Lebensgeschichte
Tiefdruckgebiet CARLOS
(getauft am 07.01.2013)
Auf der Vorderseite eines Langwellentroges, d.h.
eines Kaltluftvorstoßes nach Süden in einer Höhe von ca. 5,5 km, entstand über
dem Seegebiet westlich von Irland im Bodenniveau ein Tiefdruckwirbel, der am
07. Januar auf den Namen CARLOS getauft wurde. Das Bodentief CARLOS besaß zum
Zeitpunkt der Taufe einen Kerndruck von 1005 hPa und
verlagerte sich im Tagesverlauf mit der südwestlichen Höhenströmung nach
Nordosten, sodass feuchtwarme Luft nach Nordwesteuropa gelangte. Vom Zentrum
des Tiefdrucksystems verlief eine Okklusionsfront
nach Nordosten, die sich nach wenigen Hundert Kilometern am Okklusionspunkt
in eine Kaltfront und eine weiter nördlich über dem Atlantik reichende
Warmfront aufspaltete. Als Okklusionsfronten werden
Mischfronten mit Warm- und Kaltfronteigenschaften bezeichnet. Die Kaltfront
wiederum erstreckte sich in einem weiten Bogen nach Südwesten, während die
Warmfront nördlich von Nordirland verlief und über Schottland in die Kaltfront
des Tiefdruckgebietes BORIS überging. Bis zum Morgen des 08. Januar hatte sich
der Wirbel mit seinem Zentrum bis vor die isländische Küste verlagert. Vom
Tiefdruckkern, in dem ein Druck von ca. 1000 hPa
herrschte, reichte die Okklusionsfront nach Südosten
bis zum Okklusionspunkt vor der Nordspitze
Schottlands. Von dort ausgehend verlief die Kaltfront in einem kurzen Bogen
nach Südwesten und ging nördlich von Irland in ein nachfolgendes, unbenanntes
Frontensystem über. Die Warmfront zog sich vom Okklusionspunkt
einige Hundert Kilometer nach Osten über die Nordsee bis Südnorwegen.
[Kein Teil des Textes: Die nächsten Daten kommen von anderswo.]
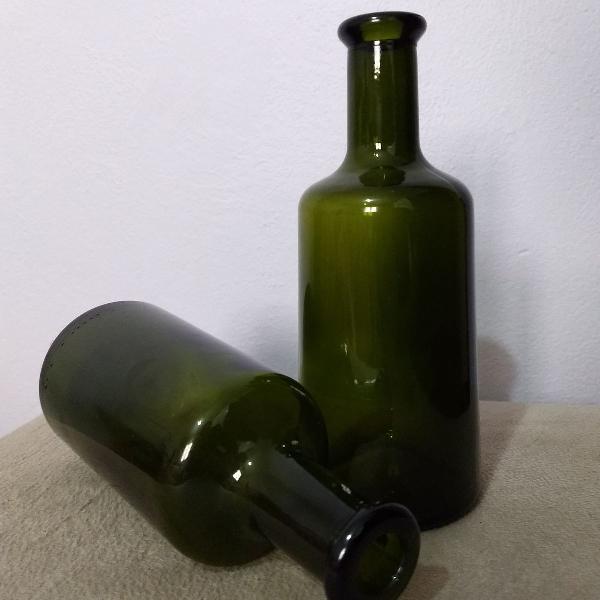 vaso solitário verde escuro de vidro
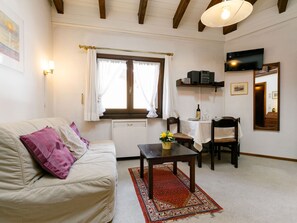 TV - Residenza Chesa Margun 15-1 by Interhome (Silvaplana-Surlej)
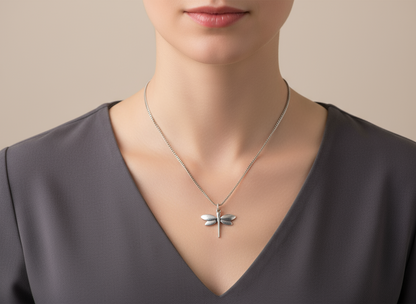 Colgante con una libélula minimalista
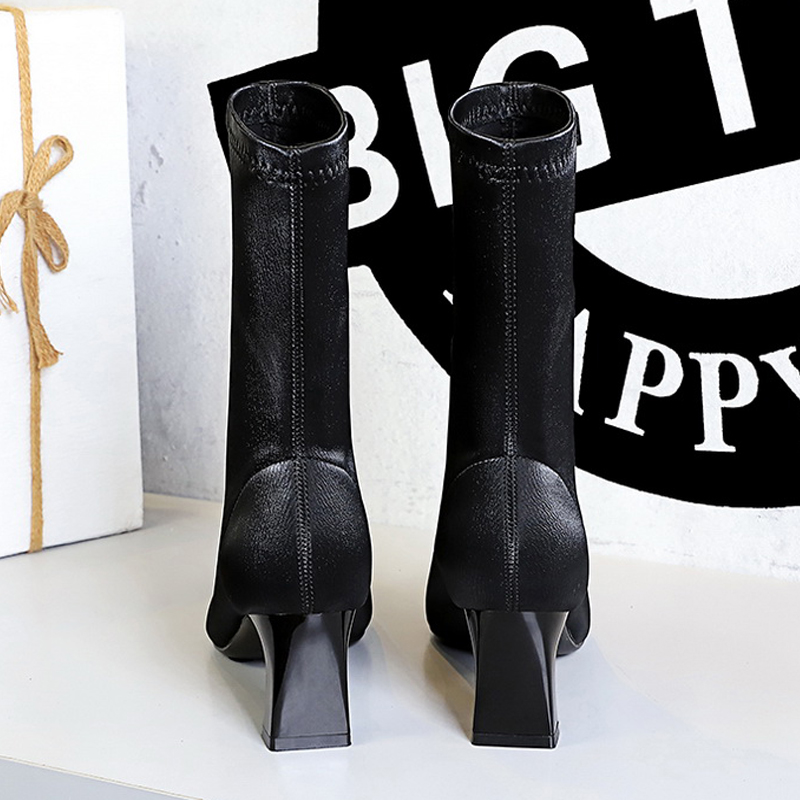 Botas Curtas de Outono Inverno - Shoe Tree avaliação e preço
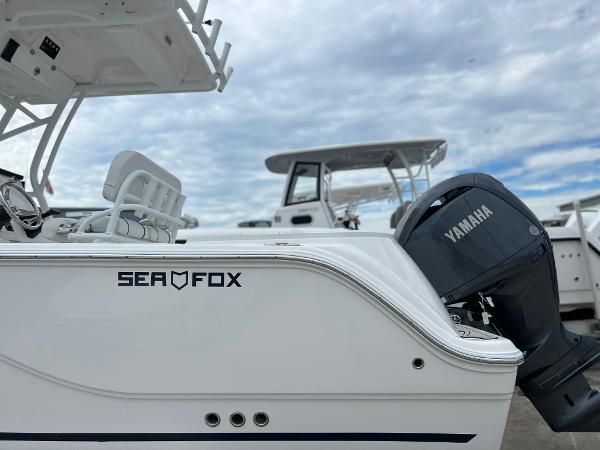 Slide: The Image of 2024 Sea Fox 228 Commander boat with Yamaha engine, side view. - 46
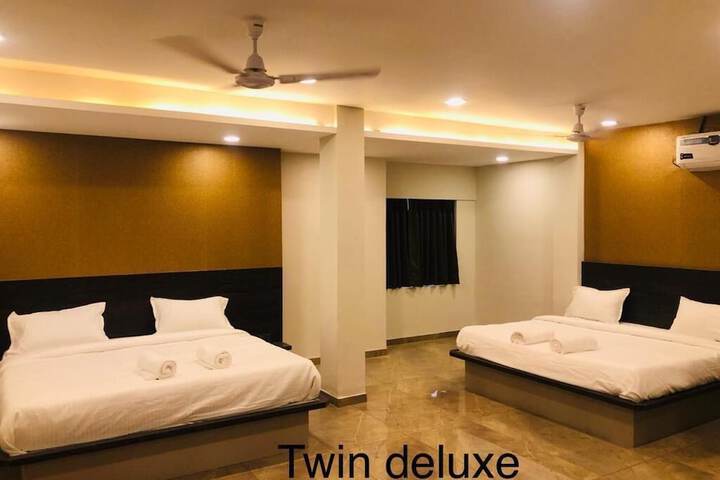 Room 4 of 9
Durch eine Verlagerung nach Südosten lag das
Zentrum des Tiefdruckgebietes am nächsten Tag mit einem Kerndruck von 1005 hPa bei den Färöer. Einerseits verlief von dort eine Okklusionsfront über Island bis zur Südküste Grönlands, zum
anderen reichte eine weitere Okklusionsfront bis über
das südnorwegische Küstengebiet, wo die Warm- und die Kaltfront am Okklusionspunkt bei Jütland zusammenliefen. Die teils
verwellte Kaltfront erstreckte sich über die Nordsee und London bis weit hinaus
über den Atlantik, während die östlich gelegene Warmfront über die Nordsee bis
Mitteldeutschland verlief. Im Tagesverlauf bildete sich am Okklusionspunkt
kurzzeitig ein Teiltief mit einem Kerndruck von 1010 hPa.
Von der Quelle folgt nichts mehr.